A stack of three Gorilla sticks was substantially taller than the same number of Lone Wolf sticks. Note the excess straps stowed along the bottom stand-offs on both sets.
We hung the sticks and functionally found no difference between the two. Both reached 12 feet without any stretching or contorting. The Gorilla’s ended up about 5-6 inches higher, but that was because I hung the bottom stick a little high and then Seth hung the top two sticks. I felt the Gorillas were a little more stable, but that could have been because Seth set them up with his weight and my little carcass wasn’t even a factor for them once set. One complaint I often hear about sticks with alternating steps is that the steps always end up on the wrong side. I’ve never had much trouble with this, but I am right handed and when using my standard four sticks I always start with the bottom step to the left. I think the important thing is finding a standard procedure and stick with it.

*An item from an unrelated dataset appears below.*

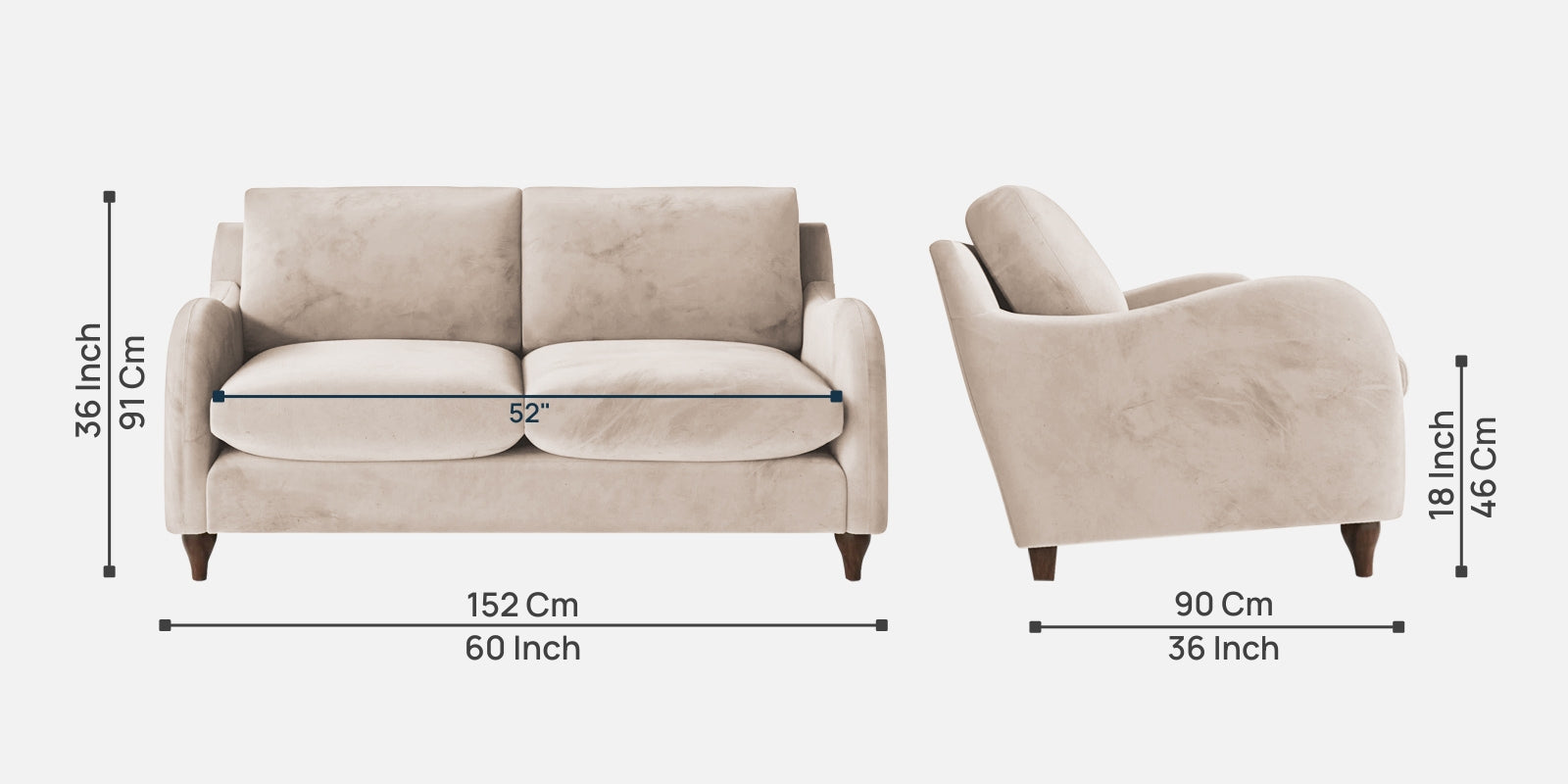 Sally Velvet 2 Seater Sofa In Camel Beige Colour
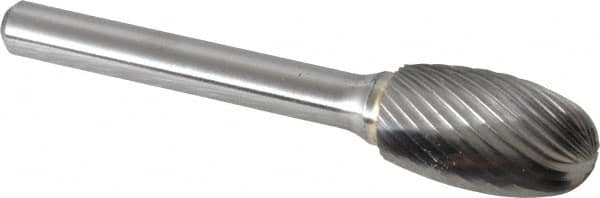 Made in USA - 1/2" Cut Diam, 6mm Shank Diam, Oval Head Single Cut Burr - Carbide, Radius End, 7/8" LOC, 2-5/8" OAL - Americas Industrial Supply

Three Lone Wolf climbing sticks mounted on an oak tree.
Three Gorilla Silver Back Predator climbing sticks mounted to the same oak tree.
Although a very serious Lone Wolf fan I was excited to see Gorilla come out with a competing product. I was disillusioned, though, when I saw the price. The way I looked at it was that for $10 more I could save three pounds and use the very proven Lone Wolf product. Also, the Lone Wolf Alpha and Alpha Assault stands are made with matching spots for packing their brand sticks which is quite nice. I’m not sure if Gorilla’s new HX series of stands has that feature. Had I found the Gorilla sticks for the price I found these for Seth or for the current advertised sale price of $89.99 at Cabela’s I might be using them now instead. I believe they are a quality, stable and safe alternative.
I know, I know, you are saying, “I want to see a comparison of the Lone Wolf sticks to the Muddy sticks.” I recently saw just such a comparison and I’ve asked the author to do a guest blog here on Mostly Archery. He was busy hunting at the time and we are attempting to get back together.